Now think about this . . . the tank is pumped from the bottom and it is run through water separators and filters in the pump before it get to your tank. Why would you think there is junk in the tank from a clean tanker. How much is going to get in the tank in the few seconds that the filler hose is inserted into the ground tank with thousands of gallons of gasoline to dilute it. If anything the nearly empty tank would have more air moisture in it than the fresh filled gasoline and be very well blended from the filling process.
It was also a fairly cold day so the tanker gas was probably colder than the ground temperature gasoline.
Heck, when we fired up Rusty last year, the fuel in the tank was 3 years old. I didn't like running on old fuel, but it did work. Once I got plates on it I did top off the tank though.
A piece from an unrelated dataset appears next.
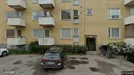 Lägenhet att hyra, Söderort, Terrängvägen<span class="blurred street-number" onclick="ProcessAdRequest(6074615)"><span class="hint">Se väg-nr</span>[xxxxxxxx]</span><span class="hglt"> (endast byte)</span>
Rusty isn't fuel injected.
Also, a friend & I have a van that we do nothing but drive to antique shows in. Its a 1 ton GMC van, and it goes maybe 500 miles a year, and can go for months at a time without even being started. It always starts right up, and I've never had a problem with "old gas" in it either.
It seems that lawnmowers, garden tractors, and other small engines like that are most sensitive to old fuel problems. When my sister was newly married, and didn't have the money to buy a lawnmower for her new house, dad went to the dump, picked up a mower, took it home and changed the oil & fuel and it started right up. Dad says that most lawnmowers don't start at the beginning of the season because of old gas, and people don't know that and just buy a new one.
yea i noticed that too, our lawnmower gas seems to last for awhile but ive repaired some that ive dumped the old gas out and it looked like iced tea that was the sole cause of it running like crap.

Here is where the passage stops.